SCRANTON -- La Festa Italiana in Scranton, the festival honoring Italian culture and cuisine, wraps up Monday night.
In case you missed it, one of the highlights of La Festa was the re-lighting of the "Electric City" sign high above Scranton's downtown Saturday night.
Organizers say La Festa was a rousing success once again.
"We have no chairs at home. They're all down here in Scranton. Yeah, everybody says 'save me a couple chairs, save me a couple chairs.'"
The Miceli family from Binghamton has a small colony of saved seats in front of the La Festa Italiana bandstand on Courthouse Square. They travel about an hour each way for each day of the festival.

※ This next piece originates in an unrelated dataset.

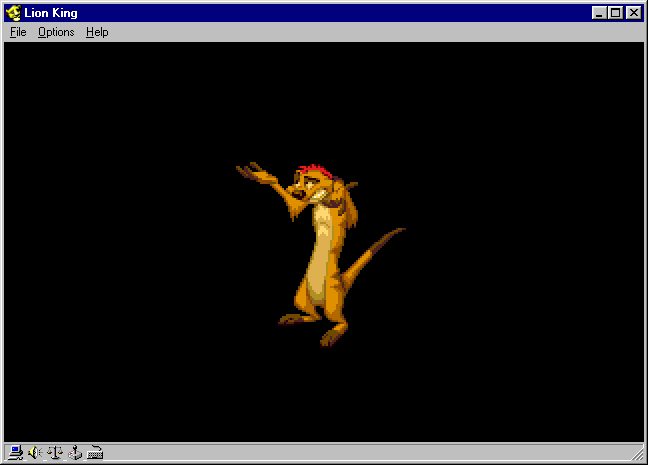 The Lion King (Windows) screenshot: Timon describes the situation (Large Size)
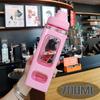 Kawaii шейкер, бутылка для воды с соломенной наклейкой, милая пластиковая бутылка без бисфенола А, 700 мл/900 мл, пластиковая бутылка для чая, молока, портативная бутылка для напитка из гурда для девочек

But that's nothing. The friends they're waiting for are from Florida.
"Get here about 8:30 and you get these premium spots!" said Vinny Miceli of Binghamton, New York.
The wait for the music to start is sometimes shorter than the time it takes people travel to get to the three-day Italian food festival in downtown scranton.

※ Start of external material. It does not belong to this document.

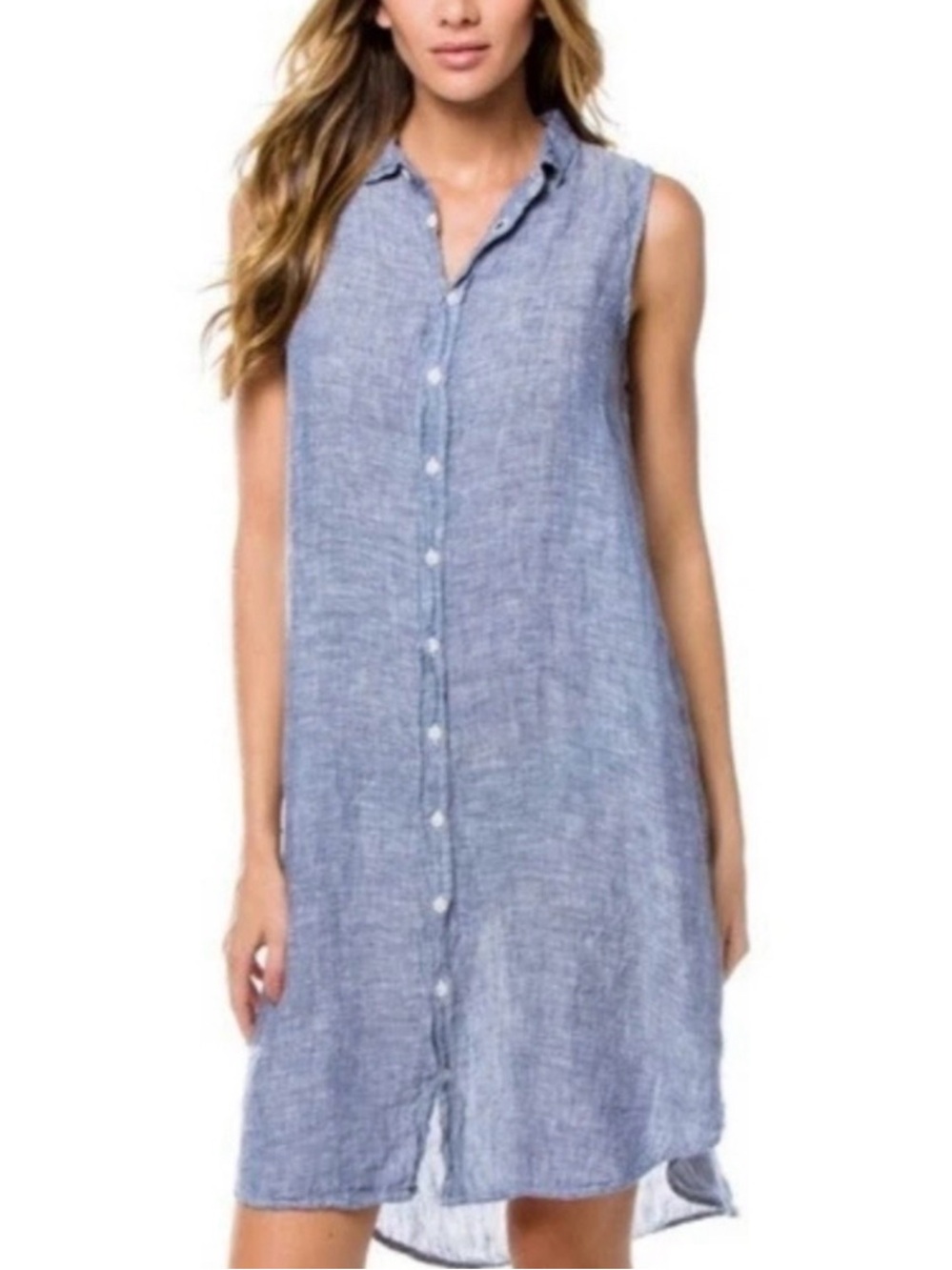 CP Shades Sleeveless Button-Front Linen Dress in Slate Blue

Organizers say the crowds they draw have grown the past few years and the people who visit are travelling farther.
"A lot of the festivals that were in those areas, New York and New Jersey, Maryland and Virginia, they don't have them anymore. A lot of the churches, they're not as ethnic as they used to be," said organizer Chris DiMatteo.
You'll see a lot of vendors from out of town, too. They say they travel to Scranton because La Festa Italiana is consistent after its 39 years. And the business is consistently good.
Tony Scala of Brooklyn used to be unique when he started vending at La Festa 36 years ago. Now, there are many vendors from New York City.
"What's it like packing up all your stuff and bringing it from Brooklyn?
"Not fun, not fun, it's a lot of work. It is a lot of work. It's probably about five or six days prep before we come, and then two or three days here," Scala replies.
It's still three days he wouldn't miss.
And just like the Micelis' chairs in front of the bandstand, La Festa is here to stay, too.